### Image-text web data:
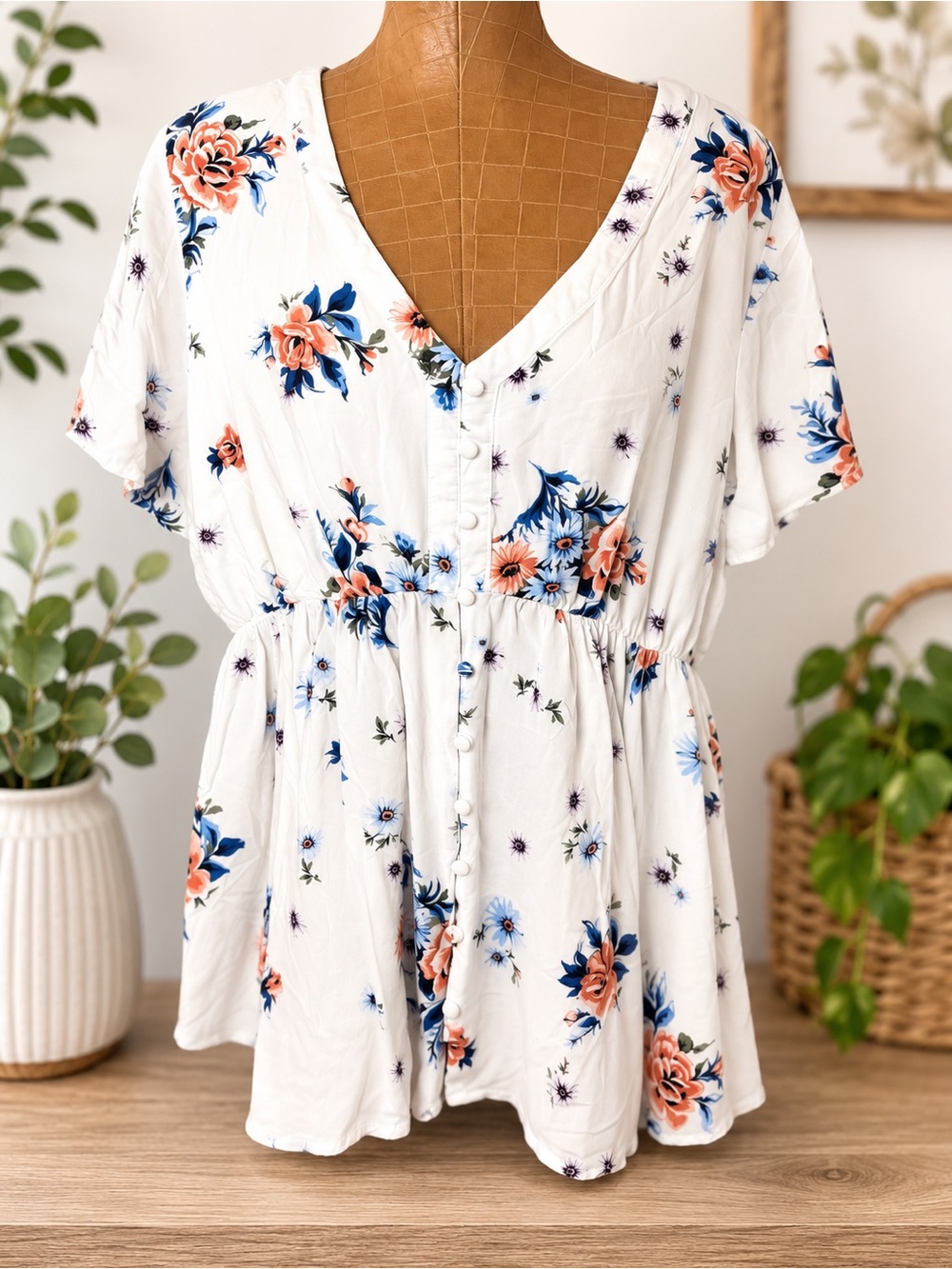 Torrid Floral Button-Front Peplum Blouse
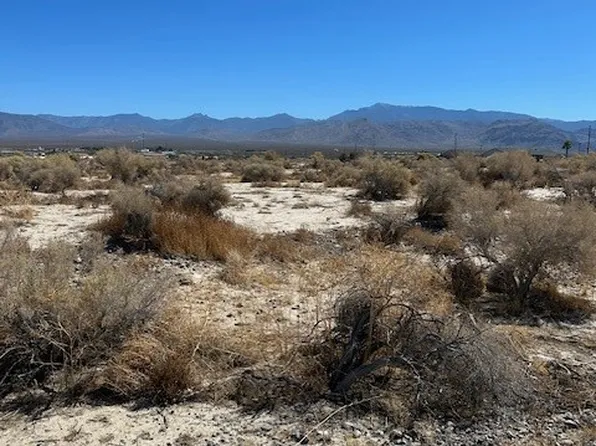 2150 Elko St, Pahrump, NV 89048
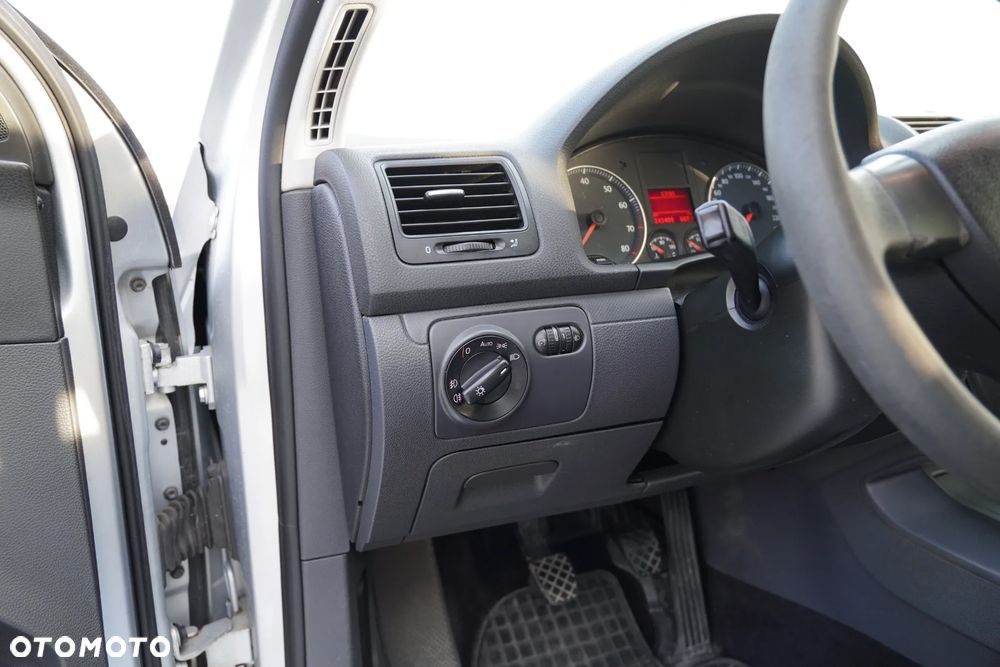 Volkswagen Golf 1.6 Edition - 24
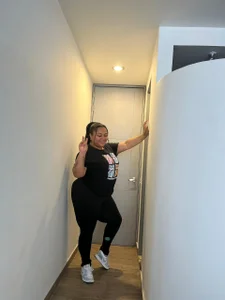 yanza2002 Different day 🌹🌹 Pic 2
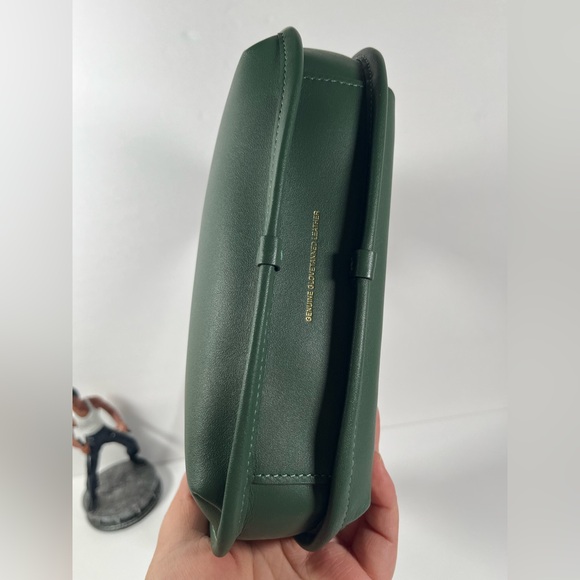 Coach Curve Zip Shoulder Bag in Brass/Hunter Green Glovetanned Leather NWT - Picture 5 of 12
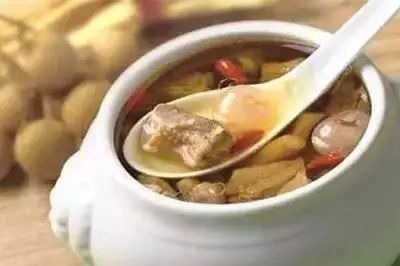 瓦煲|女人吃什么补血最快,皮肤嫩,衰老慢?就是它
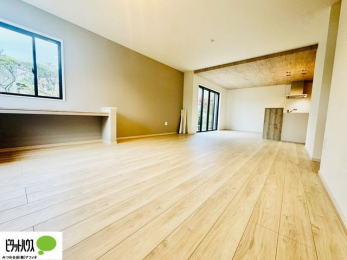 ���r���O�@�C���e���A�̉f����L�X�Ƃ������r���O23.7��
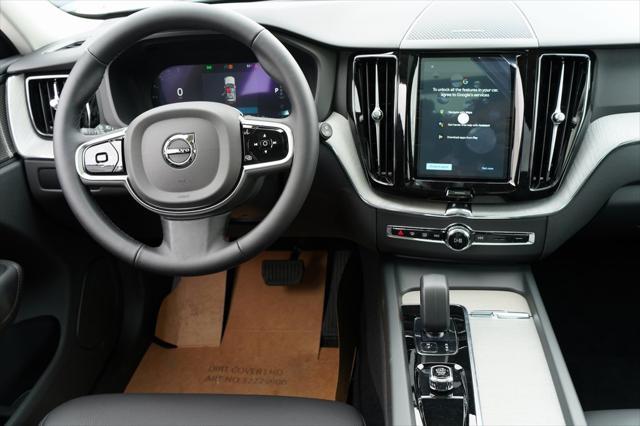 new 2025 Volvo XC60 car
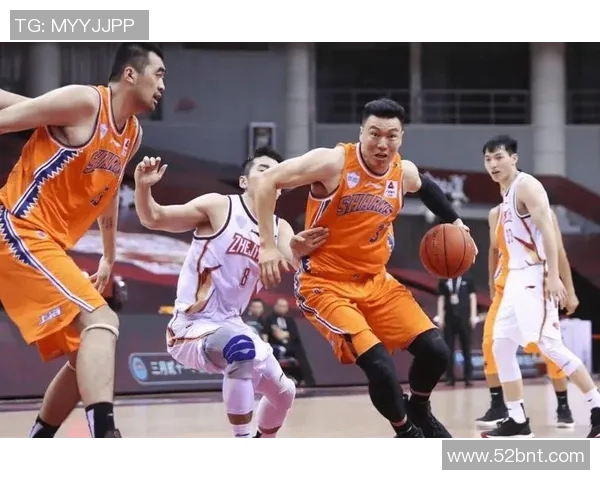 上海篮球队灵活性引发热议球迷观点各异争论不断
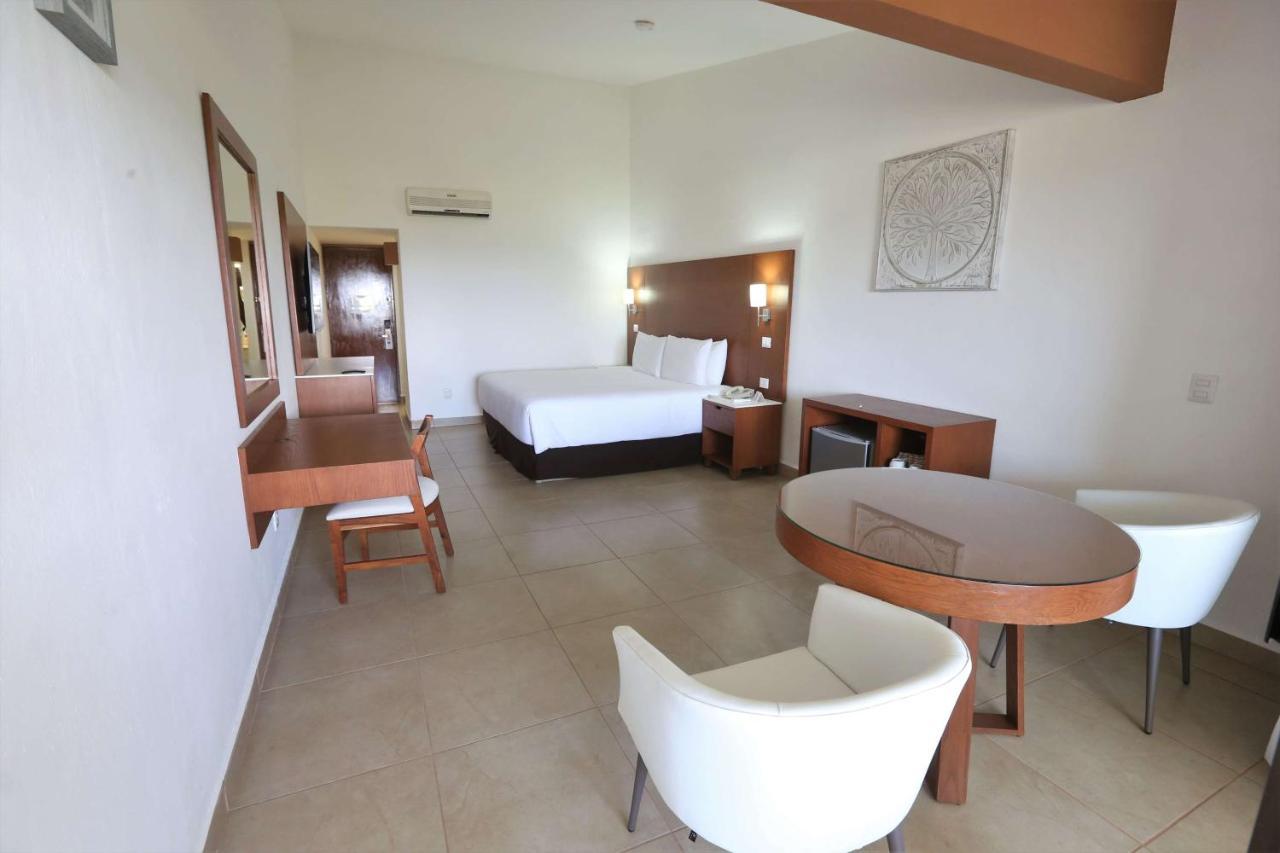 Cozumel Hotel & Resort Trademark Collection By Wyndham Exterior photo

### Exercise instructions:
What you return should match the records above word for word, minus the pictures.

### Answer space:
 Torrid Floral Button-Front Peplum Blouse
 2150 Elko St, Pahrump, NV 89048
 Volkswagen Golf 1.6 Edition - 24
 yanza2002 Different day 🌹🌹 Pic 2
 Coach Curve Zip Shoulder Bag in Brass/Hunter Green Glovetanned Leather NWT - Picture 5 of 12
 瓦煲|女人吃什么补血最快,皮肤嫩,衰老慢?就是它
 ���r���O�@�C���e���A�̉f����L�X�Ƃ������r���O23.7��
 new 2025 Volvo XC60 car
 上海篮球队灵活性引发热议球迷观点各异争论不断
 Cozumel Hotel & Resort Trademark Collection By Wyndham Exterior photo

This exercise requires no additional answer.